Sociedade

Tratado do Alto Mar vai entrar em vigor, mas é "apenas um ponto de partida"

Aprovado em junho de 2023, após anos de negociações, o texto visa responder às múltiplas ameaças que incidem sobre o Oceano. Só agora recebeu as assinaturas de 60 Estados

Gary John Norman

A organização não governamental (ONG) High Seas Alliance sublinhou este sábado que, apesar de ser um marco histórico, a entrada em vigor do tratado para proteger o mar alto "é apenas o ponto de partida”.

Com as ratificações de Marrocos e Serra Leoa, o tratado atingiu na sexta-feira as 60 ratificações, após o que se inicia um período de 120 dias para entrar em vigor no final de janeiro.

A diretora da High Seas Alliance, Rebecca Hubbard, disse num comunicado que “este momento histórico é o culminar de anos de dedicação e diplomacia global por governos e partes interessadas”.

Aprovado em junho de 2023, após anos de negociações, o texto visa responder às múltiplas ameaças que incidem sobre o oceano.

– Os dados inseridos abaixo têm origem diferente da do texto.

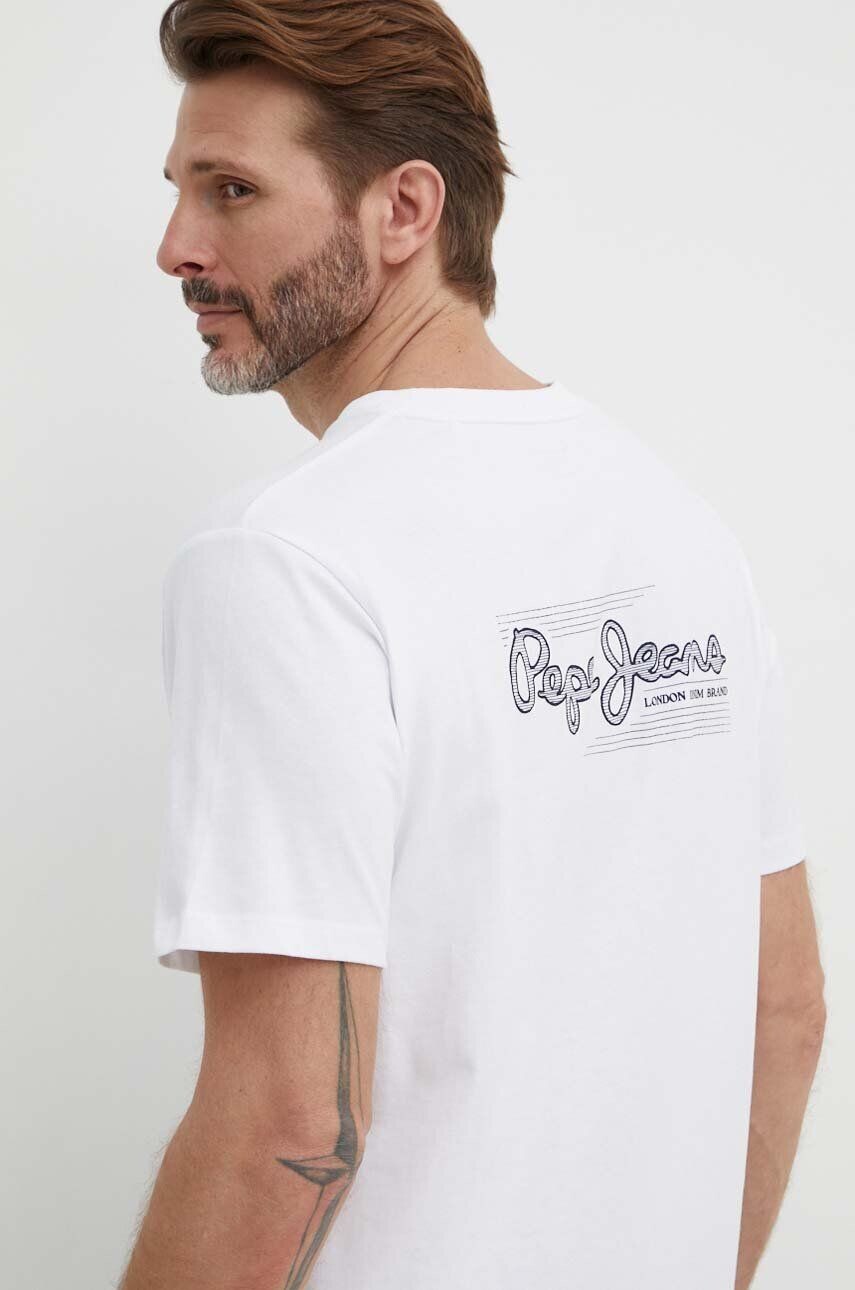 

Хлопковая футболка SINGLE CLIFORD Pepe Jeans, белый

O tratado – formalmente designado Acordo sobre Proteção da Biodiversidade Marinha em Áreas para além da Jurisdição Nacional – “é um poderoso testemunho do multilateralismo – mostrando o que o mundo pode alcançar quando nos unimos pelo bem comum do nosso oceano, que cobre mais de 70% do planeta”, defendeu Hubbard.

A entrada em vigor do acordo “marca um passo importante, quando as promessas começam a tornar-se ações”, acrescentou a diretora da ONG.

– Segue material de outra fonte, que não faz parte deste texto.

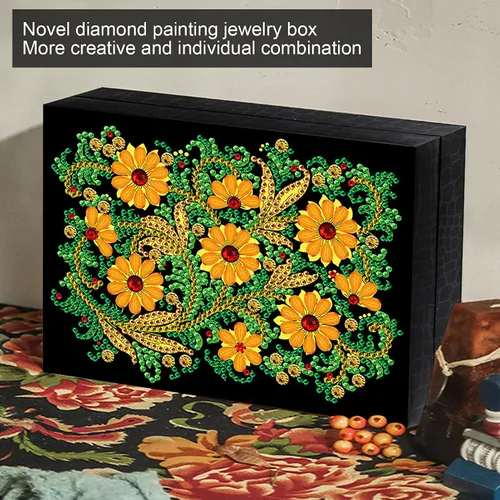 Vista 8 de Caja de joyería de pintura de diamante creativo 5D aretes contenedor caja de almacenamiento caja de joyería kit joyero joyero joyero organizador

Catarina Abril, técnica de Pescas e Clima da associação ambientalista Sciaena, que faz parte da High Seas Alliance, relembrou que “pela primeira vez, a comunidade internacional dispõe de um instrumento jurídico à escala global para criar áreas marinhas protegidas em águas internacionais e salvaguardar a biodiversidade em ecossistemas frágeis e vulneráveis, como os montes submarinos".

Mas Rebecca Hubbard sublinha que “alcançar 60 ratificações não é a meta final – é apenas o ponto de partida”.

“A verdadeira força do tratado reside na participação universal”, acrescentou a ativista, que apelou à ratificação por mais países até à primeira conferência para avaliar a implementação do documento, que deve acontecer no final de 2026.

A High Seas Alliance disse esperar mais ratificações durante a Semana de Alto Nível da Assembleia Geral da ONU em Nova Iorque, que começa na segunda-feira.

"O sucesso deste tratado dependerá, no entanto, de uma participação e colaboração proativa das entidades responsáveis pelas atividades para lá da jurisdição nacional", acrescentou Catarina Abril.

“Saúdo este êxito histórico para o oceano e o multilateralismo”, reagiu o secretário-geral da ONU, António Guterres, em comunicado, na sexta-feira, assim que se soube das ratificações.

“Quando enfrentamos uma tripla crise planetária – alterações climáticas, perda de biodiversidade e poluição – este acordo é uma linha de vida para o oceano e a humanidade”, acrescentou.

A Fundação Oceano Azul também manifestou a sua satisfação por o Tratado do Alto-Mar ter alcançado o número de ratificações necessárias para entrar em vigor.

Em comunicado, a fundação criada pela família Soares dos Santos “congratula efusivamente este momento histórico, que irá mudar o atual paradigma da governação internacional do oceano”.

Apenas cerca de um por cento do mal alto é objeto de medidas de conservação. Mas em 2022, o conjunto dos Estados comprometeu-se, durante a 15.ª Conferência das Partes (COP15) sobre biodiversidade, a proteger, até 2030, um terço da terra e do oceano do planeta.

Mas esta perspetiva é ameaçada pela posição de duas potências marítimas: EUA e Federação Russa.

Moscovo distanciou-se do texto desde a sua aprovação, por considerar alguns elementos inaceitáveis, e Washington, que o assinou durante a Presidência de Joe Biden, não o deve ratificar enquanto Donald Trump estiver na Casa Branca.